Russia’s second biggest mobile operator, MegaFon, announced its plan to sell shares in London this year and was expected to raise up to $2 billion from investors seeking a stake in the rapidly growing Russian market.
The initial public offering could value MegaFon at $13 billion and become the biggest by a Russian company since that of internet firm Yandex last year. MegaFon is controlled by Russia’s richest man, Alisher Usmanov.
Announcing the offer, MegaFon stressed its focus on the Russian domestic market, where it has been outpacing rivals such as Vimpelcom that also have entanglements abroad.
“We are a pure Russian player,” chief executive Ivan Tavrin told Reuters in an interview. “About 99 per cent of our revenues come from this country.”

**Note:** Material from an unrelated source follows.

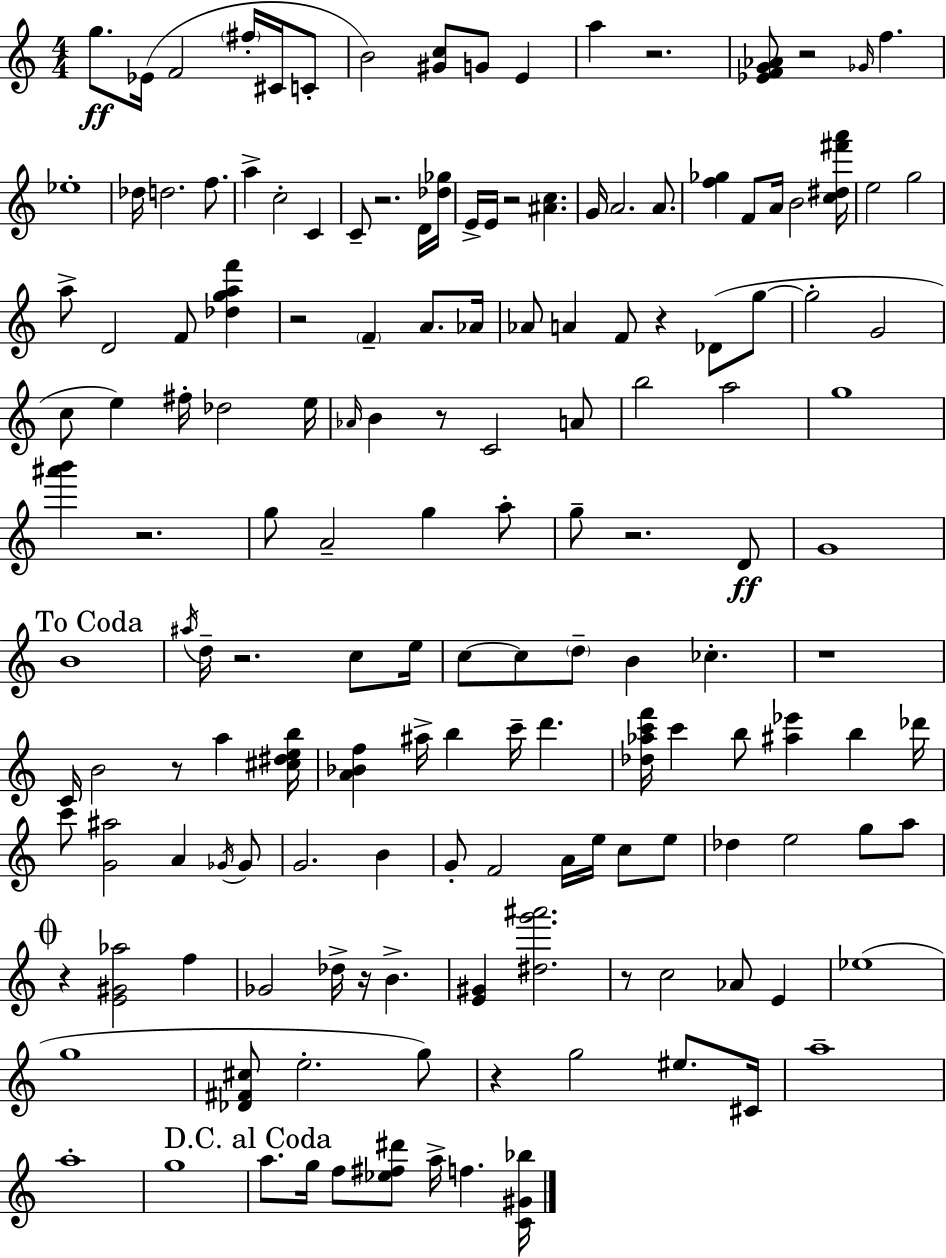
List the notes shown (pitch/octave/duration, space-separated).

G5/e. Eb4/s F4/h F#5/s C#4/s C4/e B4/h [G#4,C5]/e G4/e E4/q A5/q R/h. [Eb4,F4,G4,Ab4]/e R/h Gb4/s F5/q. Eb5/w Db5/s D5/h. F5/e. A5/q C5/h C4/q C4/e R/h. D4/s [Db5,Gb5]/s E4/s E4/s R/h [A#4,C5]/q. G4/s A4/h. A4/e. [F5,Gb5]/q F4/e A4/s B4/h [C5,D#5,F#6,A6]/s E5/h G5/h A5/e D4/h F4/e [Db5,G5,A5,F6]/q R/h F4/q A4/e. Ab4/s Ab4/e A4/q F4/e R/q Db4/e G5/e G5/h G4/h C5/e E5/q F#5/s Db5/h E5/s Ab4/s B4/q R/e C4/h A4/e B5/h A5/h G5/w [A#6,B6]/q R/h. G5/e A4/h G5/q A5/e G5/e R/h. D4/e G4/w B4/w A#5/s D5/s R/h. C5/e E5/s C5/e C5/e D5/e B4/q CES5/q. R/w C4/s B4/h R/e A5/q [C#5,D#5,E5,B5]/s [A4,Bb4,F5]/q A#5/s B5/q C6/s D6/q. [Db5,Ab5,C6,F6]/s C6/q B5/e [A#5,Eb6]/q B5/q Db6/s C6/e [G4,A#5]/h A4/q Gb4/s Gb4/e G4/h. B4/q G4/e F4/h A4/s E5/s C5/e E5/e Db5/q E5/h G5/e A5/e R/q [E4,G#4,Ab5]/h F5/q Gb4/h Db5/s R/s B4/q. [E4,G#4]/q [D#5,G6,A#6]/h. R/e C5/h Ab4/e E4/q Eb5/w G5/w [Db4,F#4,C#5]/e E5/h. G5/e R/q G5/h EIS5/e. C#4/s A5/w A5/w G5/w A5/e. G5/s F5/e [Eb5,F#5,D#6]/e A5/s F5/q. [C4,G#4,Bb5]/s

The share offer is the second part of a restructuring through which Usmanov took control of MegaFon by buying out rival tycoon Mikhail Fridman and part of Nordic telecoms group TeliaSonera’s holding.
Russian companies have been jostling to take advantage of a revival in the European new issues market. Russia just sold a $5 billion stake in Sberbank while private healthcare group MD Medical has announced plans to list shares in London.
TeliaSonera will sell part of its remaining MegaFon stake through the listing, giving it a big return on an initial investment of less than $180 million in 2001.
The rest of the offering would come in the form of treasury stock bought by MegaFon through the deal in April which gave Usmanov 50 per cent of the company plus one share to end years of shareholder infighting. MegaFon said its proceeds would go to repay debt.
As an attraction for investors, MegaFon had the best subscriber growth and clearest data strategy in Russia as well as having rolled out fourth generation services before rivals, said Bruce Bower, a portfolio manager at Moscow-based fund manager Verno Capital.
“The Russia focus is also a huge differentiator,” he said, pointing to Vimpelcom’s expansion outside Russia and problems MTS has faced in Uzbekistan.
The total offering would be equivalent to 15 per cent of MegaFon’s equity, one source familiar with the matter said. That could bring in up to or around $2 billion, two sources said. The sale is for less than the 20 per cent stake which had previously been expected.
MegaFon was not pressed for money so did not need to sell a bigger stake, Metropol analyst Evgeny Golosnoy said.
“They may be expecting a better price in the future,” he said.
MegaFon did not say how big a stake either it or TeliaSonera would sell. The Nordic company, which currently has a 35.6 per cent stake, had been expected to sell a 10.5 per cent share and MegaFon 9.4 per cent.
TeliaSonera would keep at least 25 per cent plus one share after the share offering, it said in a statement.
A MegaFon IPO of around $2 billion would be bigger than Yandex’s $1.43 billion share sale in New York last year and around the same size as Rusal’s $2.2 billion IPO in Hong Kong. A surprise in the line-up of banks running the deal was the absence of Goldman Sachs, which sources had expected to be a lead manager. Morgan Stanley and Sberbank were appointed joint coordinators with Citi, Credit Suisse and VTB as joint bookrunners.
Tavrin did not comment when asked why Goldman was missing.
One source familiar with the matter said Goldman had stepped back due to unspecified shareholder concerns that were not related to Usmanov. The Uzbek-born tycoon has announced that he would fold his MegaFon stake into a new holding company.
The operator said it plans to hand out 50 per cent of profit or 70 per cent of free cash flow as dividends, whichever is higher. This means MegaFon will be a “strong dividend play,” paying out some $600 million to $800 million a year through 2015 and implying a dividend yield of as much as 6 per cent, according to UralSib.
“It’s the price that matters,” Alexander Vassiouk, a director at Prosperity Capital in Moscow which has $4 billion under management, said.
“MegaFon will be attractive if sold at the same price-to-earnings multiple as Mobile TeleSystems, while offering a comparable dividend yield.”